**EXERCISE DIRECTIONS**
Beginning with the line in which "Maison 4 pièces 245000 €" appears, transcribe each line word for word until the records end. Do not include pictures.

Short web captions
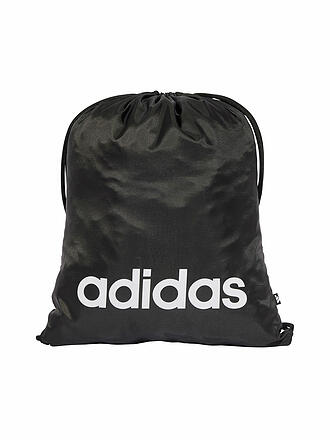 ADIDAS | Turnbeutel Linear 13L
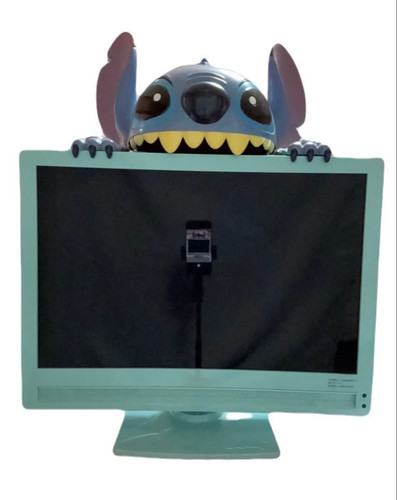 Disney lilo stitch - disney,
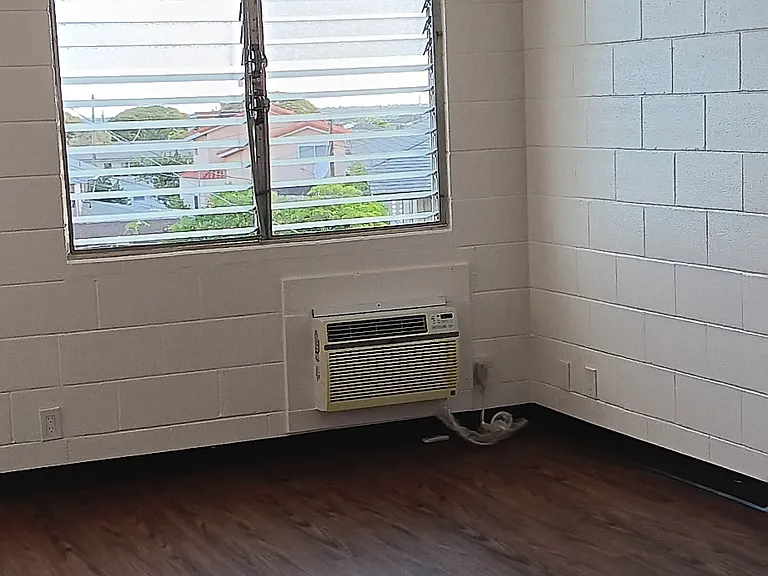 Kam IV Apartments — Photo 8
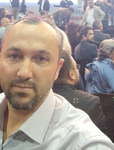 HİMMET YÖRÜK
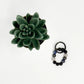 Collection HALO Anima - Stress & Anxiété Carbon Living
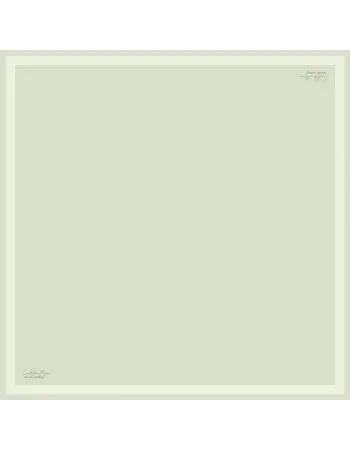 1632 SURA İPEK - 07 - 90X90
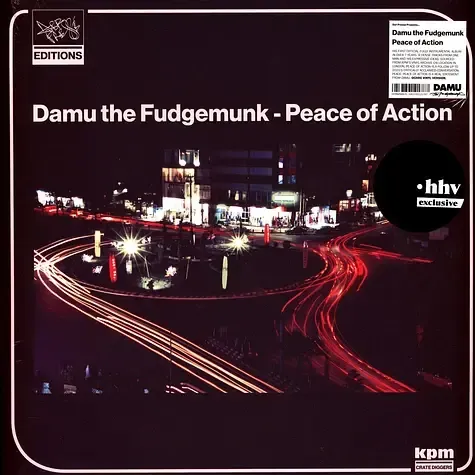 7-damu-the-fudgemunk-peace-of-action-hhv-exclusive-colored-vinyl-edition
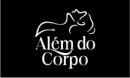Além do Corpo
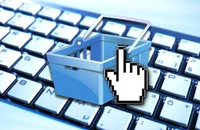 Control de amploare al ANAF la magazinele online, 200 de firme vizate. Ce nereguli s-au descoperit și ce amenzi s-au dat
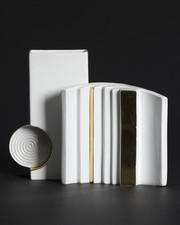 Gerold porzellan glossy gebraucht kaufen  Berlin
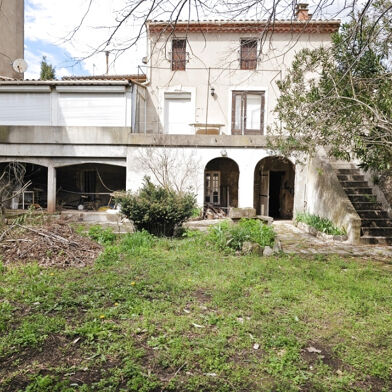 Maison 4 pièces 245000 €
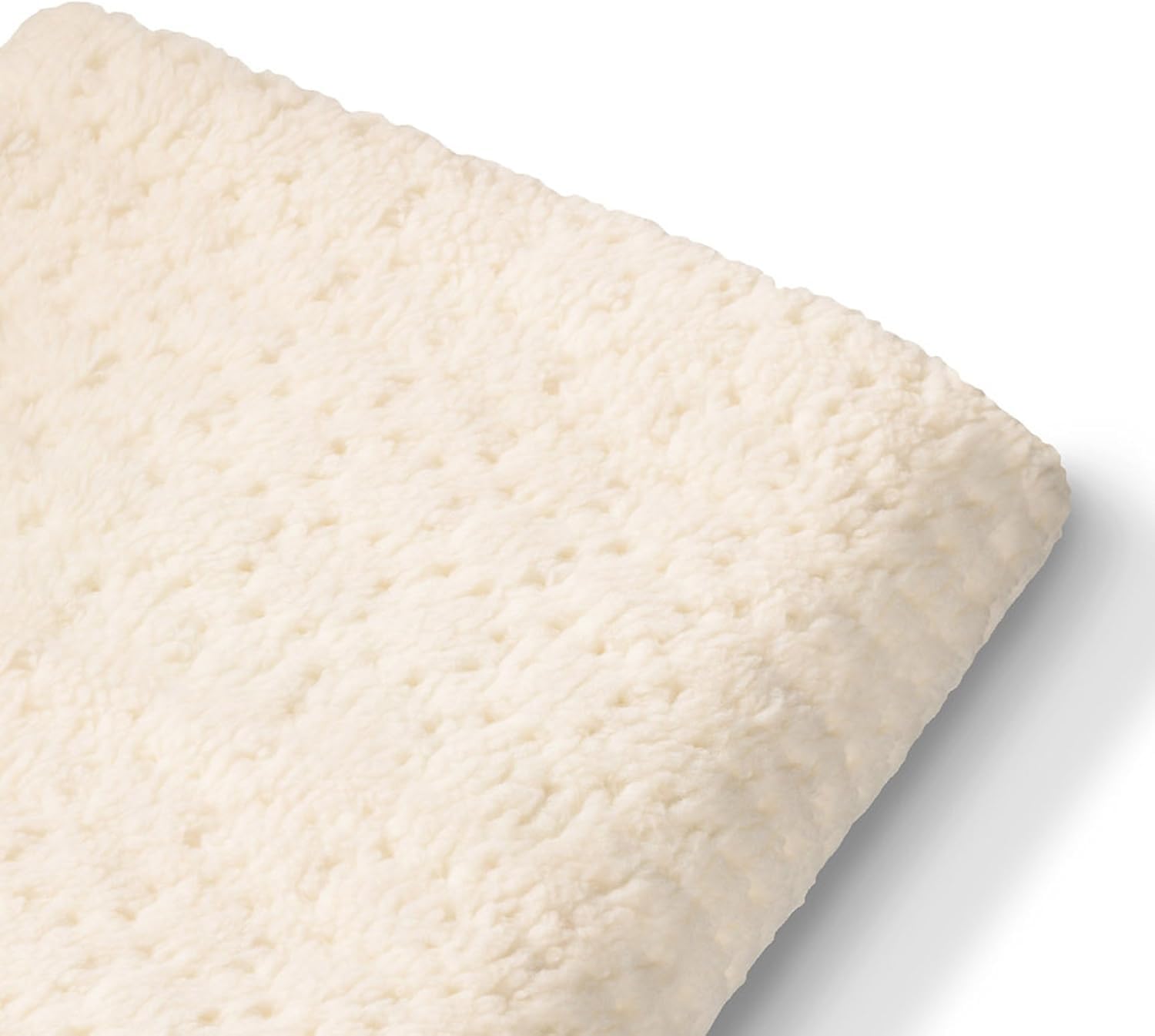 beurer-ub86-xxl-calientacamas-doble-de-150-x-160-cm-con-2-zonas-independientes-9 image 4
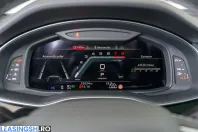 Audi Q7 din 2023 cu 32.700 km - oferta AUD237418 - foto 19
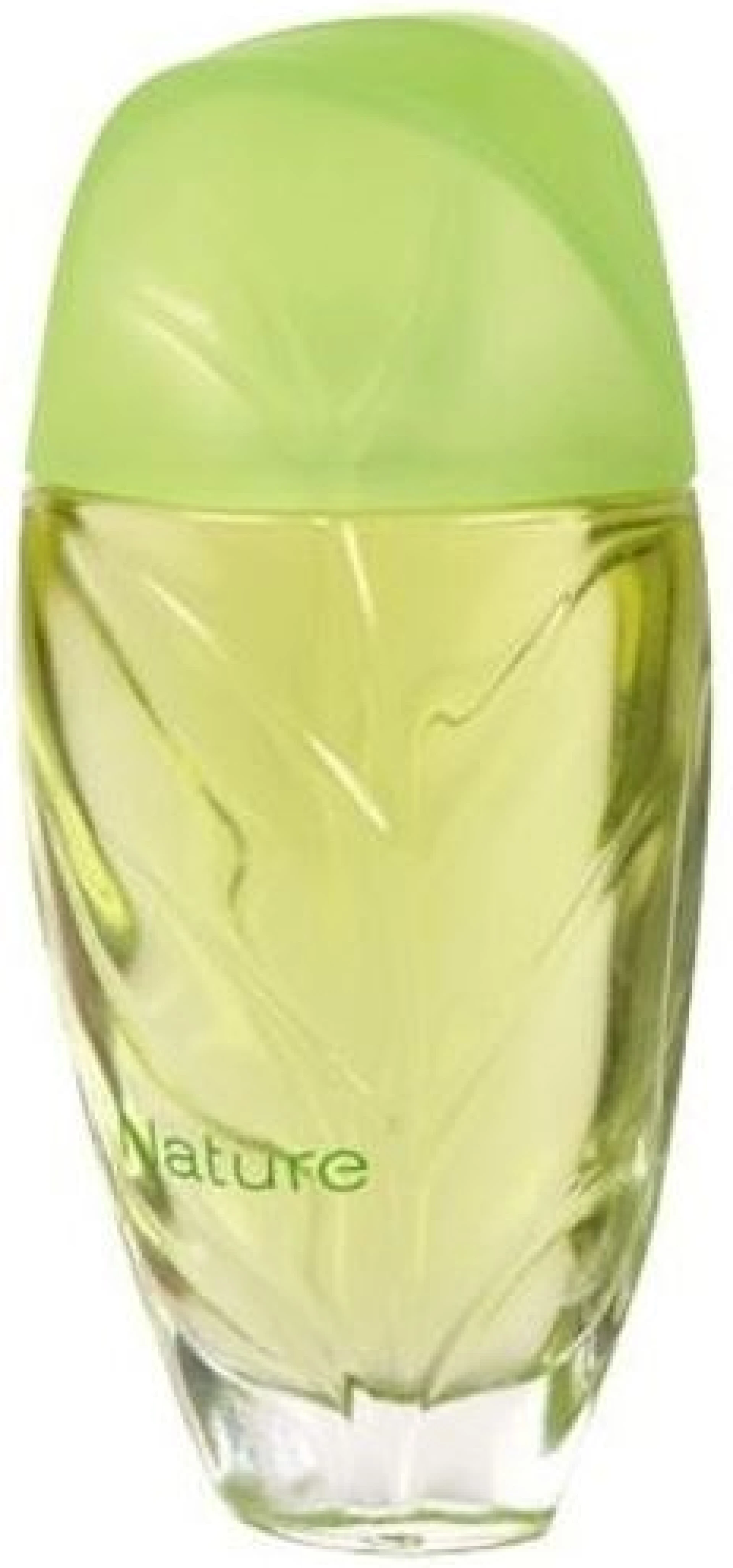 Yves Rocher Nature EDT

**SOLUTION FOR THIS PROBLEM**
 Maison 4 pièces 245000 €
 beurer-ub86-xxl-calientacamas-doble-de-150-x-160-cm-con-2-zonas-independientes-9 image 4
 Audi Q7 din 2023 cu 32.700 km - oferta AUD237418 - foto 19
 Yves Rocher Nature EDT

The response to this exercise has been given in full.